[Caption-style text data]
- - - - -

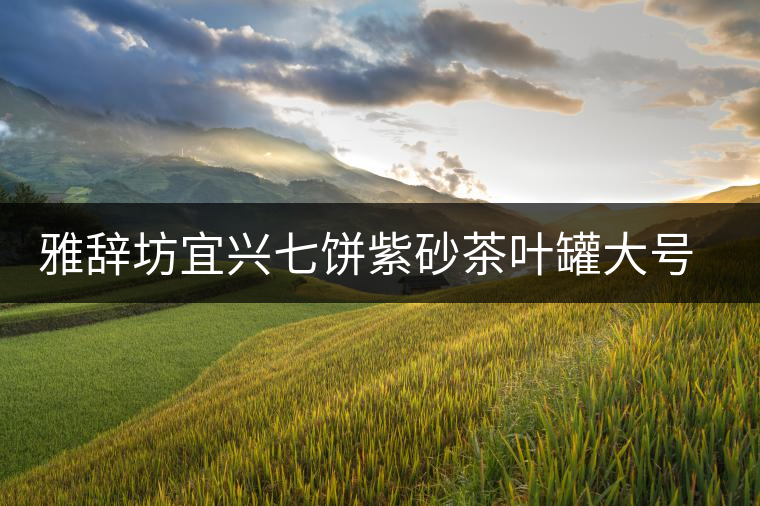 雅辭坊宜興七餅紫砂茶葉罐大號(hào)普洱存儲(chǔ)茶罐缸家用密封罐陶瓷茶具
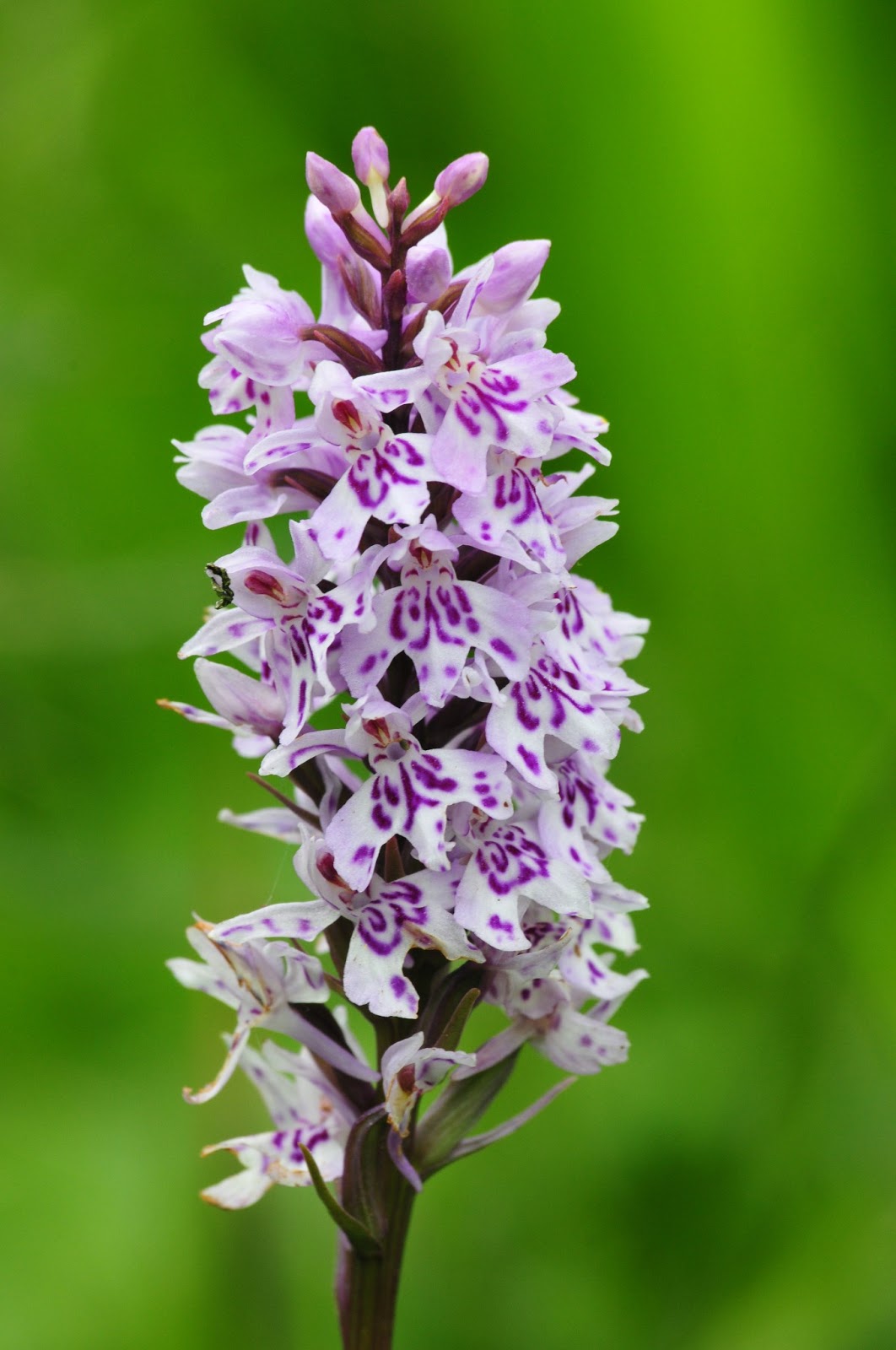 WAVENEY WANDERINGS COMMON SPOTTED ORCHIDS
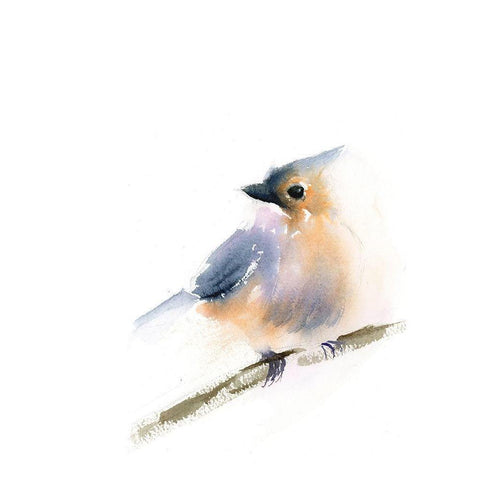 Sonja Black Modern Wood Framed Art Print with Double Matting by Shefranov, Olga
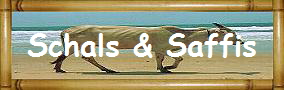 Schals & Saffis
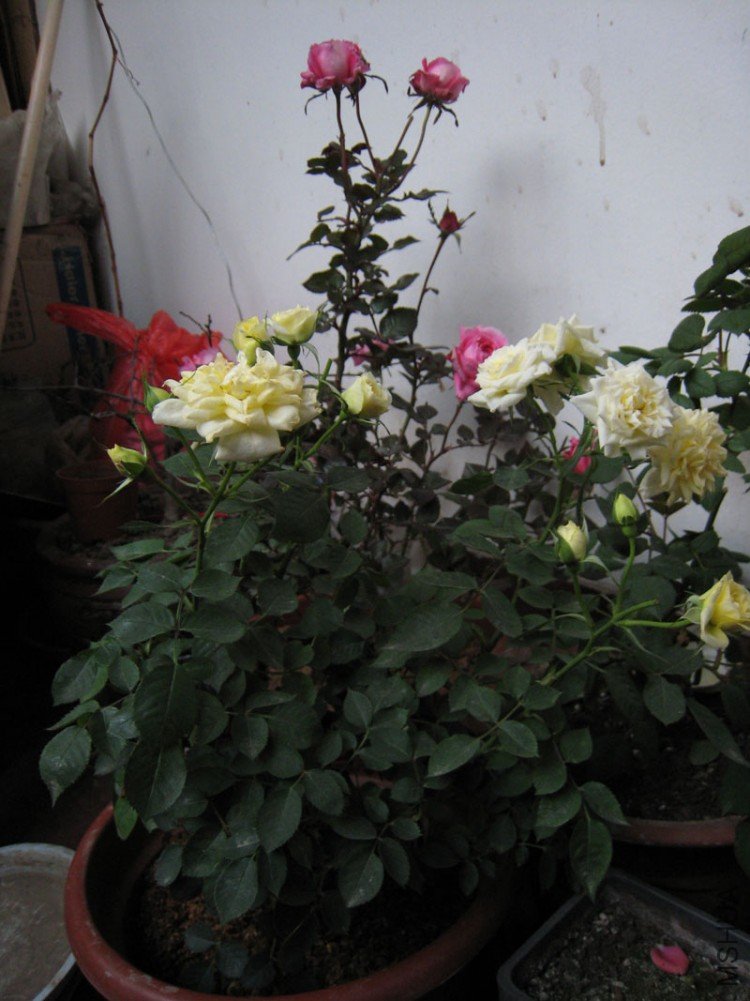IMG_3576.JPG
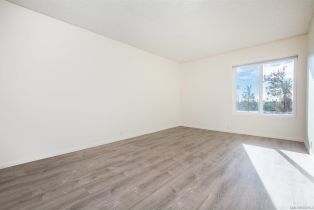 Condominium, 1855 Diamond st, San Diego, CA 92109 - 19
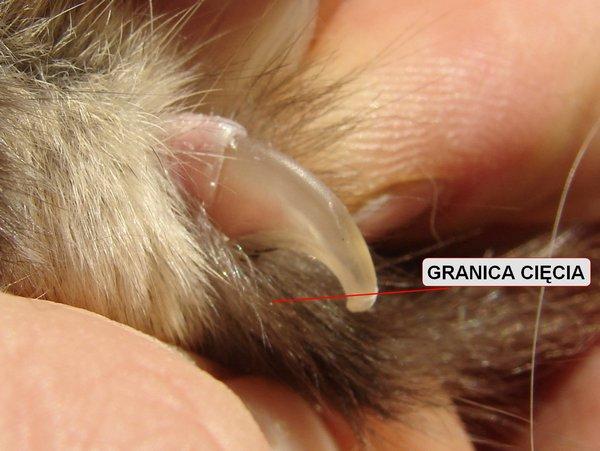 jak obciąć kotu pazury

- - - - -

§ **Problem requirements**: Before copying, set the pictures aside; then reproduce each entry above exactly.

§ **Your response**:
 雅辭坊宜興七餅紫砂茶葉罐大號(hào)普洱存儲(chǔ)茶罐缸家用密封罐陶瓷茶具
 WAVENEY WANDERINGS COMMON SPOTTED ORCHIDS
 Sonja Black Modern Wood Framed Art Print with Double Matting by Shefranov, Olga
 Schals & Saffis
IMG_3576.JPG
 Condominium, 1855 Diamond st, San Diego, CA 92109 - 19
 jak obciąć kotu pazury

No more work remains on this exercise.